■ **STORED DATA**

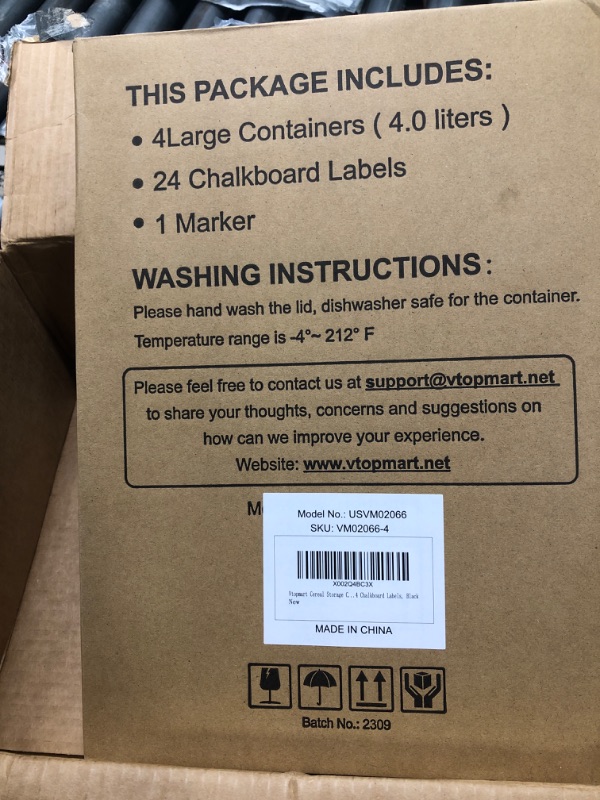 Photo 1 of Airtight Food Storage Containers with Lids, CASA LINGO 4.4L Large Pantry Organization and Storage for Bulk Food Dry Food Cereal, Set of 4 Plastic Food Storage Containers FS4-BL-4.4L
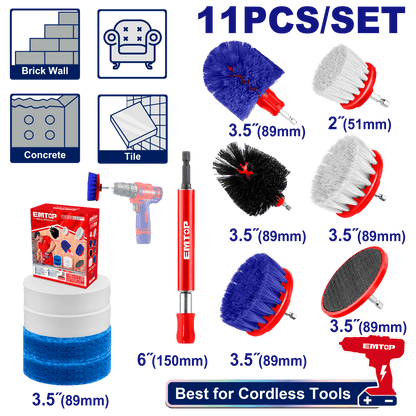 Kit brosses de nettoyage EMTOP ECB1101 - SME IMPORT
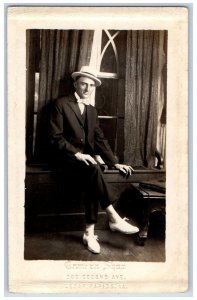 Cedar Rapids Iowa IA Postcard RPPC Photo Man With Hat Fashion c1910's Antique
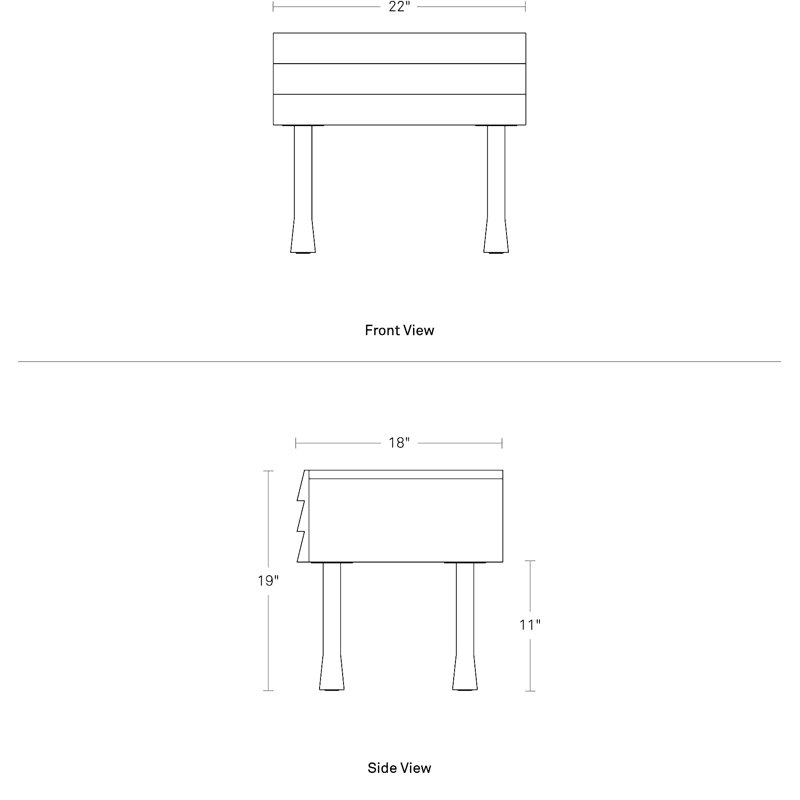 Lap 1 - Drawer Solid Wood Nightstand, Whitewashed Maple / White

■ **EXERCISE REQUIREMENTS**
Only the lines from the start of the material through the line containing "Cedar Rapids Iowa" should be transcribed. Pictures stay out.

■ **RESPONSE BOX**
 Photo 1 of Airtight Food Storage Containers with Lids, CASA LINGO 4.4L Large Pantry Organization and Storage for Bulk Food Dry Food Cereal, Set of 4 Plastic Food Storage Containers FS4-BL-4.4L
 Kit brosses de nettoyage EMTOP ECB1101 - SME IMPORT
 Cedar Rapids Iowa IA Postcard RPPC Photo Man With Hat Fashion c1910's Antique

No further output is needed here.